• [Data block]:

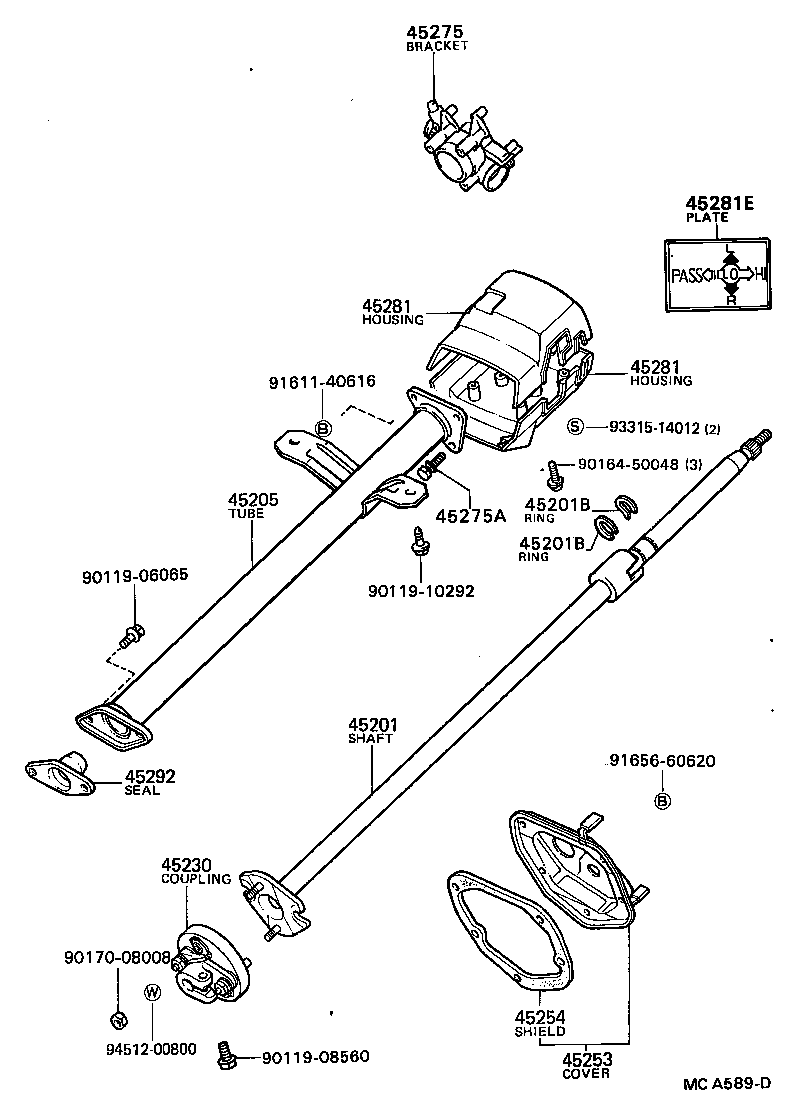 45286-35210 HOUSING, STEERING COLUMN product image
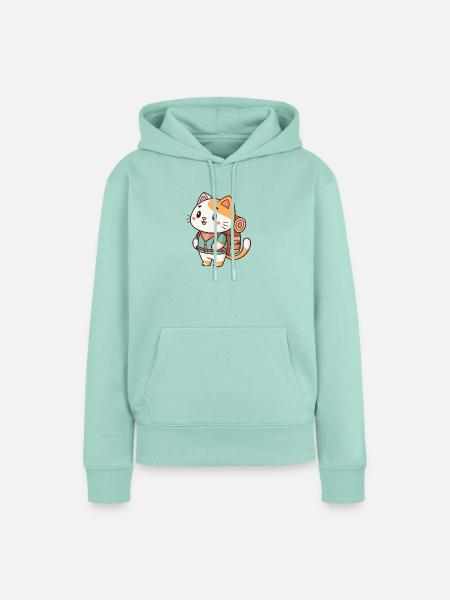 Rucksackabenteuer-Katze - Frauen Premium Bio Hoodie - Mint 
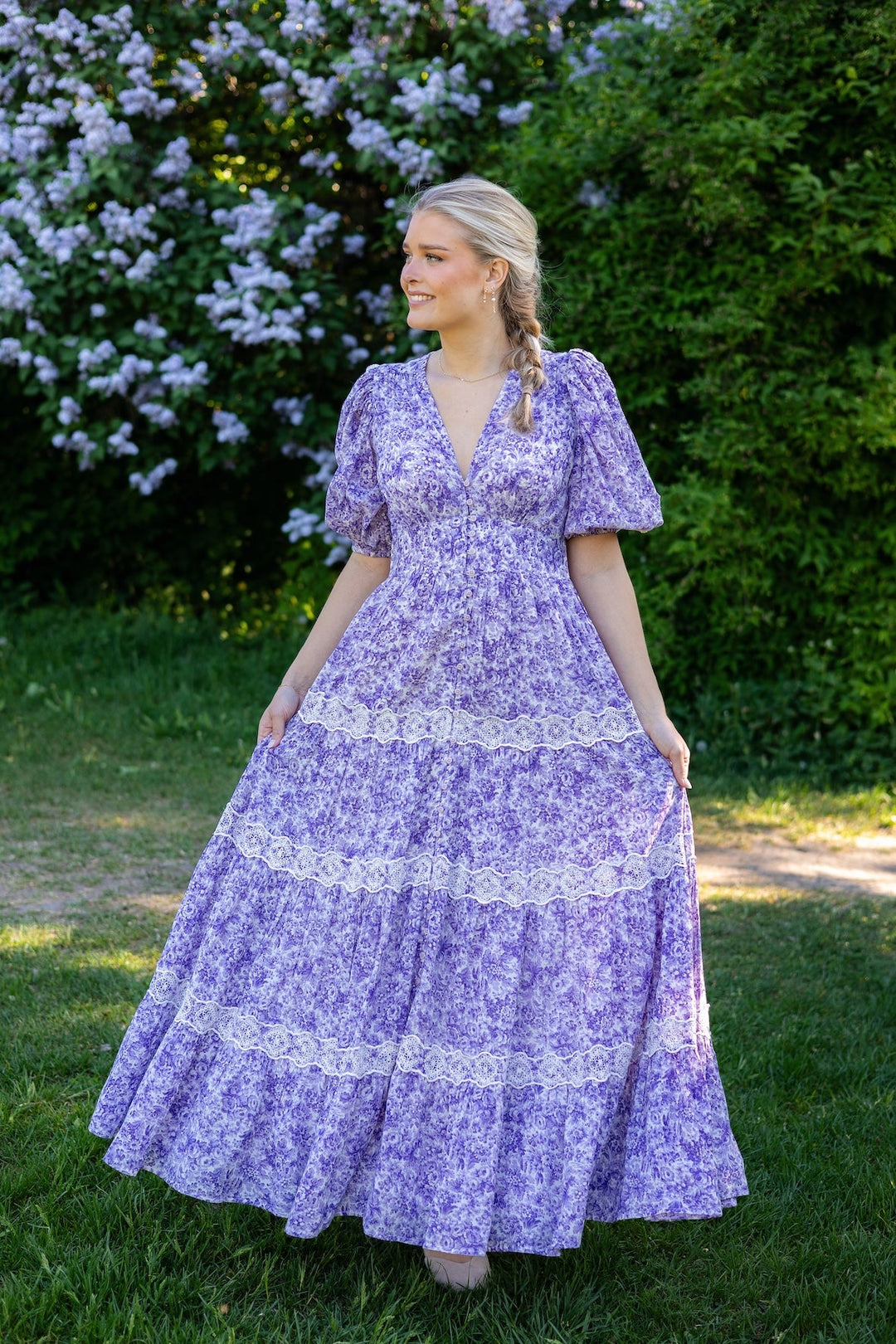 Cotton Slub Tiered Dress Purple Dream | Kjoler | Smuk - Dameklær på nett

• [Prompt]:
Could the data be reproduced exactly, with the pictures omitted?

• [Solution to this problem]:
 45286-35210 HOUSING, STEERING COLUMN product image
 Rucksackabenteuer-Katze - Frauen Premium Bio Hoodie - Mint 
 Cotton Slub Tiered Dress Purple Dream | Kjoler | Smuk - Dameklær på nett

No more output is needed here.